As an administrator and an educator, I receive many emails every day and recently one stuck with me as I consider gift giving and birthday celebrations. We always feel like we need to buy the newest, best, greatest gadgets and to outdo ourselves from the year before. If your child is invited to birthday parties, this kind of thinking can be very expensive and blow the budget quickly.
This recent email was titled the “5 Best Toys of All Time” and was referencing this article. It mentions the following 5 items as the “best” are below:
Stick, Box, String, Cardboard Tube, Dirt
Being practical, and frugal, the first several gift giving occasions for my son, I told people not to buy him anything. He has more fun with the paper and the box than the toy that comes inside. We don’t need fancy electronics for children with all the noises that come with them. They simply like to create and build with simple materials we can find in any home or Montessori classroom.
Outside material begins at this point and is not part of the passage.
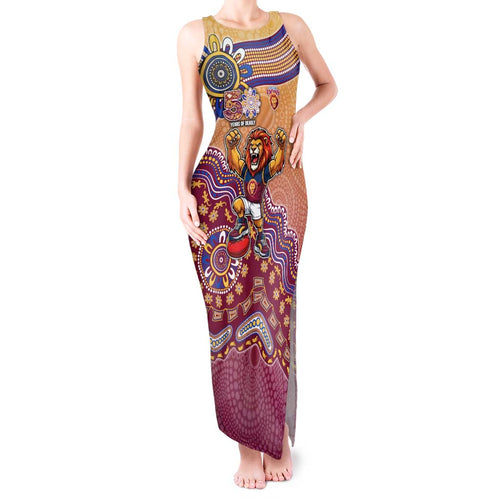 Personalized Brisbane Lions Football Mascot Tank Maxi Dress Aboriginal Dot Art Style Vibrant Indigenous Pattern Design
In a Montessori classroom, our works are hands on and developed for children in a particular order and for certain ages. You see Montessori materials such as the Pink Tower in a Primary (3 to 6 year old) classroom and this work serves various purposes such as understanding big to small and strengthening gross motor and fine motor movement but is also a very simple material. The material consists of 10 cubes ranging from 1x1x1 centimeters to 10x10x10 centimeters. It is what we refer to as a self-correcting material; if it is put together in the wrong order, a child can visually see the order needs to be corrected. While this seems like a simple work, it can become more advanced by offering extensions such as combining it with the Brown Stairs. This same Pink Tower can be used to represent algebraic equations.